§ **What you need to do**
Every entry in the data below needs to be repeated exactly.

§ **Source information**
+ + +

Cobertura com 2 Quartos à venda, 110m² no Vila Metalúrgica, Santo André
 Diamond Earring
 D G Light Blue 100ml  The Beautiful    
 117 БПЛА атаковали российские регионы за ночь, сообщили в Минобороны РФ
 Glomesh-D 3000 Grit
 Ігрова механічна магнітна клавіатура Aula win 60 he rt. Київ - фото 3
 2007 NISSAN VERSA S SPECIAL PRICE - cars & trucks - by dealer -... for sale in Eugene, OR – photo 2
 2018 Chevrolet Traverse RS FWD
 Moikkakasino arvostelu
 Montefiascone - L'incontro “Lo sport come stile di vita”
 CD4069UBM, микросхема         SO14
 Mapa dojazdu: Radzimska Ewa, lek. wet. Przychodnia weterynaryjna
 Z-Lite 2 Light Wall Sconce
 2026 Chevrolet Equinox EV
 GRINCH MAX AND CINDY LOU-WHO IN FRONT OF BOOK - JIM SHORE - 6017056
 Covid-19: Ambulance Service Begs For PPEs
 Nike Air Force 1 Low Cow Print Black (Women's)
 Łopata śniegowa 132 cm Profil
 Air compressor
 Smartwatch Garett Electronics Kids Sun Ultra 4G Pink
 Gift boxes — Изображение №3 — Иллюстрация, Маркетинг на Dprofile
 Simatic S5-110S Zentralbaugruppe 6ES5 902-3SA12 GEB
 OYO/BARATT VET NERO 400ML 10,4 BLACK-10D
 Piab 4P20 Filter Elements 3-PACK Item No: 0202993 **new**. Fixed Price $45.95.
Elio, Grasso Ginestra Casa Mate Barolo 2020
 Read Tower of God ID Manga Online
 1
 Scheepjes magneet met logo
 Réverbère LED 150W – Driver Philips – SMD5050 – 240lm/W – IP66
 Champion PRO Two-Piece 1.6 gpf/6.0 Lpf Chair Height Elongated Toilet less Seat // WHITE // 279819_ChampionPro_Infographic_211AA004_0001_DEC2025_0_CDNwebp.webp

+ + +

§ **Response to the exercise**
Cobertura com 2 Quartos à venda, 110m² no Vila Metalúrgica, Santo André
 Diamond Earring
 D G Light Blue 100ml  The Beautiful    
 117 БПЛА атаковали российские регионы за ночь, сообщили в Минобороны РФ
 Glomesh-D 3000 Grit
 Ігрова механічна магнітна клавіатура Aula win 60 he rt. Київ - фото 3
 2007 NISSAN VERSA S SPECIAL PRICE - cars & trucks - by dealer -... for sale in Eugene, OR – photo 2
 2018 Chevrolet Traverse RS FWD
 Moikkakasino arvostelu
 Montefiascone - L'incontro “Lo sport come stile di vita”
 CD4069UBM, микросхема         SO14
 Mapa dojazdu: Radzimska Ewa, lek. wet. Przychodnia weterynaryjna
 Z-Lite 2 Light Wall Sconce
 2026 Chevrolet Equinox EV
 GRINCH MAX AND CINDY LOU-WHO IN FRONT OF BOOK - JIM SHORE - 6017056
 Covid-19: Ambulance Service Begs For PPEs
 Nike Air Force 1 Low Cow Print Black (Women's)
 Łopata śniegowa 132 cm Profil
 Air compressor
 Smartwatch Garett Electronics Kids Sun Ultra 4G Pink
 Gift boxes — Изображение №3 — Иллюстрация, Маркетинг на Dprofile
 Simatic S5-110S Zentralbaugruppe 6ES5 902-3SA12 GEB
 OYO/BARATT VET NERO 400ML 10,4 BLACK-10D
 Piab 4P20 Filter Elements 3-PACK Item No: 0202993 **new**. Fixed Price $45.95.
Elio, Grasso Ginestra Casa Mate Barolo 2020
 Read Tower of God ID Manga Online
 1
 Scheepjes magneet met logo
 Réverbère LED 150W – Driver Philips – SMD5050 – 240lm/W – IP66
 Champion PRO Two-Piece 1.6 gpf/6.0 Lpf Chair Height Elongated Toilet less Seat // WHITE // 279819_ChampionPro_Infographic_211AA004_0001_DEC2025_0_CDNwebp.webp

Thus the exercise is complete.